Re: New and interesting replication issues with 9.2.8 sync rep

From: Josh Berkus <josh(at)agliodbs(dot)com>
To: Andres Freund <andres(at)2ndquadrant(dot)com>
Cc: pgsql-hackers(at)postgresql(dot)org
Subject: Re: New and interesting replication issues with 9.2.8 sync rep
Date: 2014-05-05 17:30:17
Message-ID: 5367CAA9.5080705@agliodbs.com
Views: Raw Message | Whole Thread | Download mbox | Resend email
Thread:
Lists: pgsql-hackers

On 05/05/2014 10:25 AM, Andres Freund wrote:
> On 2014-05-05 10:16:27 -0700, Josh Berkus wrote:
>> On 05/03/2014 01:07 AM, Andres Freund wrote:
>>> On 2014-05-02 18:57:08 -0700, Josh Berkus wrote:
>>>> Just got a report of a replication issue with 9.2.8 from a community member:
>>>>
>>>> Here's the sequence:
>>>>
>>>> 1) A --> B (sync rep)
>>>>
>>>> 2) Shut down B
>>>>
>>>> 3) Shut down A
>>>>
>>>> 4) Start up B as a master
>>>>
>>>> 5) Start up A as sync replica of B
>>>>
>>>> 6) A successfully joins B as a sync replica, even though its transaction
>>>> log is 1016 bytes *ahead* of B.
>>>>
>>>> 7) Transactions written to B all hang
>>>>
>>>> 8) Xlog on A is now corrupt, although the database itself is OK
>>>
>>> This is fundamentally borked practice.
>>>
>>>> Now, the above sequence happened because of the user misunderstanding
>>>> what sync rep really means.
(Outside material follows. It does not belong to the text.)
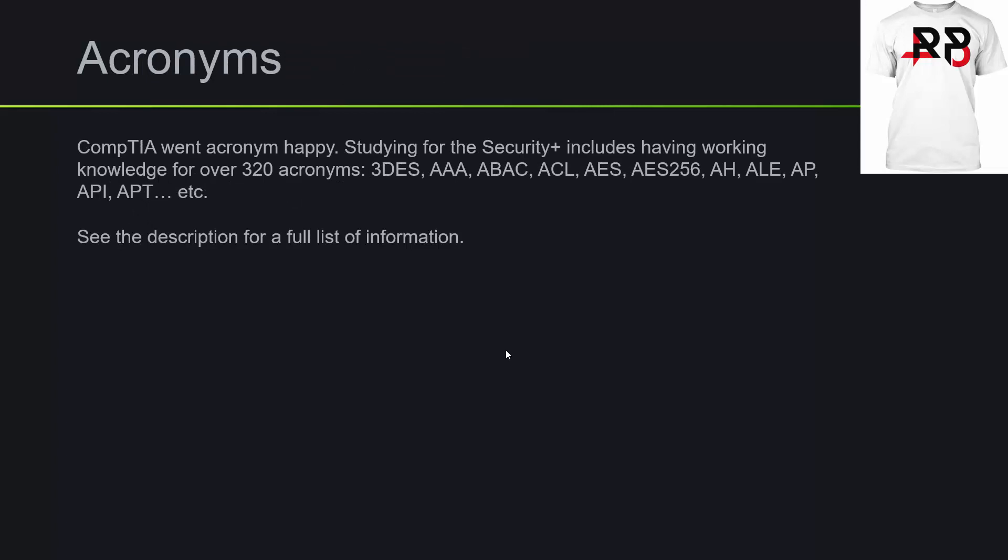Now for the acronyms, CompTIA went acronym happy here. You will want to study for the security plus. So you're probably going to want to know, I think it's roughly, there's 325 acronyms. For example, there's 3DS, there's AAA, ABAC, ACL, AES, AES-256, AH, ALE, AP, API, APT.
However, A should not have been able to
>>>> connect with B in replication mode, especially in sync rep mode; that
>>>> should have failed. Any thoughts on why it didn't?
>>>
>>> I'd guess that B, while starting up, has written further WAL records
>>> bringing it further ahead of A.
>>
>> Apparently not; from what I've seen pg_stat_replication even *shows*
>> that the replica is ahead of the master. Futher, Postgres should have
>> recognized that there was a timeline branch point before A's last
>> record, no?
>
> There wasn't any timeline increase because - as far as I understand the
> above - there wasn't any promotion. The cluster was shut down and
> recovery.conf was created/removed respectively.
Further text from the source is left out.